• [WORK TASK]: Print the line containing "Titleist Pro V1X Golf Balls Dozen Yellow 1", then every line after it through the end of the material, exactly as written and without pictures.
╔══
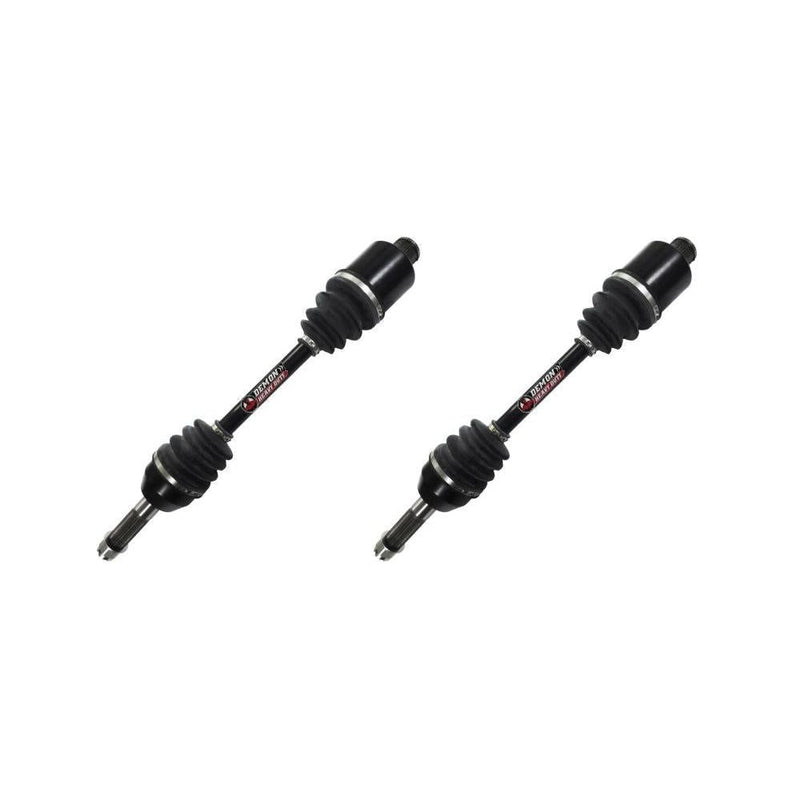 Load image into Gallery viewer, Demon Rear Heavy Duty Axle Set For Suzuki King Quad 450 LTA450X 4x4 AXi 2007-2010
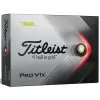 Titleist Pro V1X Golf Balls Dozen Yellow 1 Titleist Pro V1X Golf Balls Dozen Yellow -Sale Golf Online T21D0102002 L
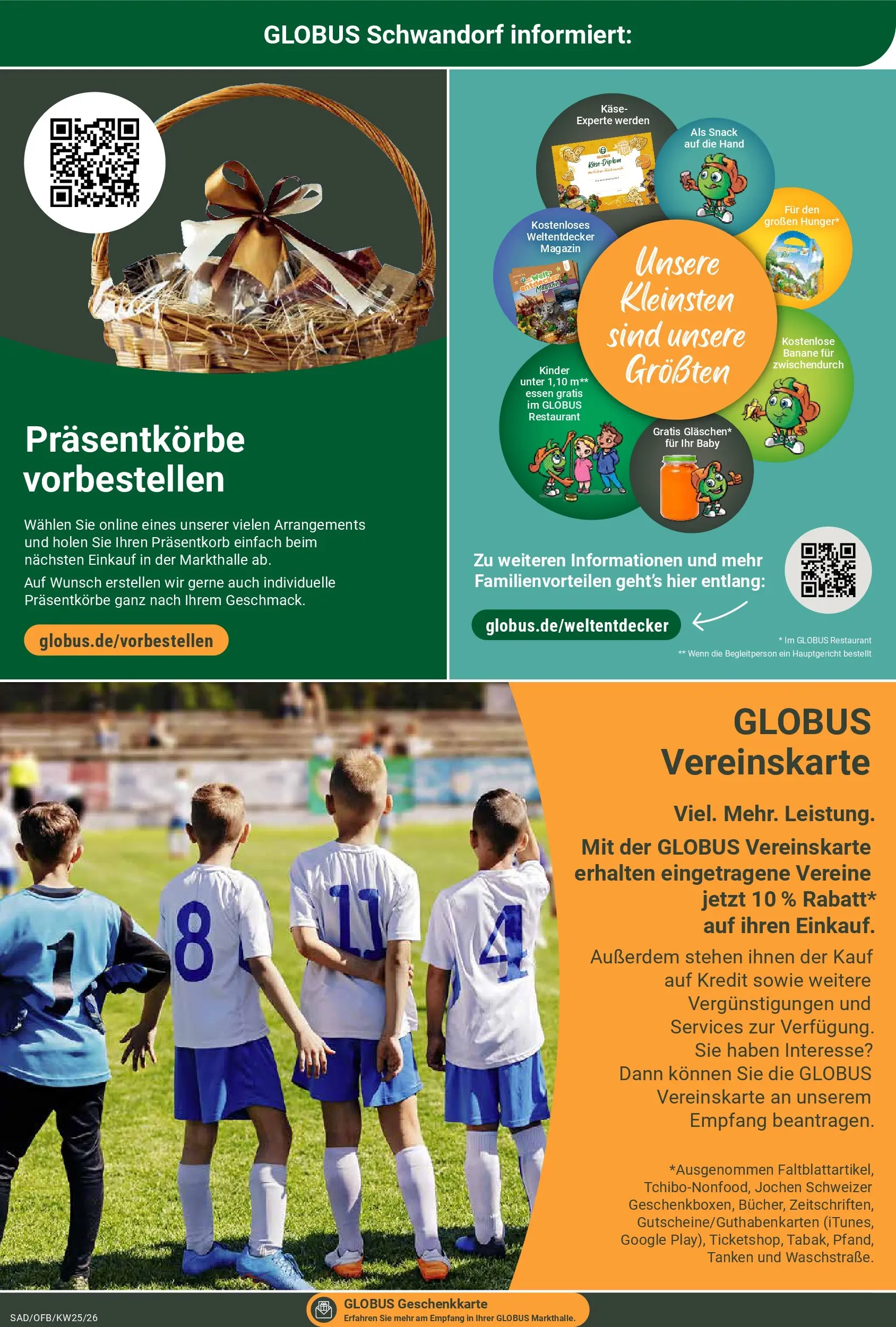 Globus Prospekt Schwandorf (ab 15.06.2026) » Angebote online | Seite: 25 | Produkte: Käse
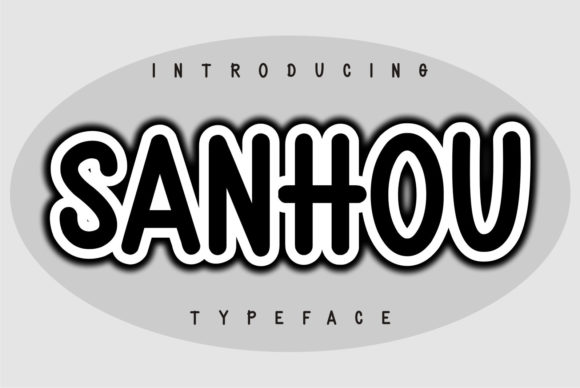 Sanhou: The Display Font That Instantly Elevates Your Visual Projects
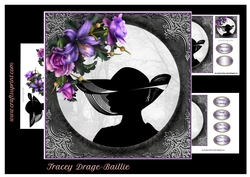 Floral Silhouette 2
╚══
• [RESPONSE TO THE TASK]:
 Titleist Pro V1X Golf Balls Dozen Yellow 1 Titleist Pro V1X Golf Balls Dozen Yellow -Sale Golf Online T21D0102002 L
 Globus Prospekt Schwandorf (ab 15.06.2026) » Angebote online | Seite: 25 | Produkte: Käse
 Sanhou: The Display Font That Instantly Elevates Your Visual Projects
 Floral Silhouette 2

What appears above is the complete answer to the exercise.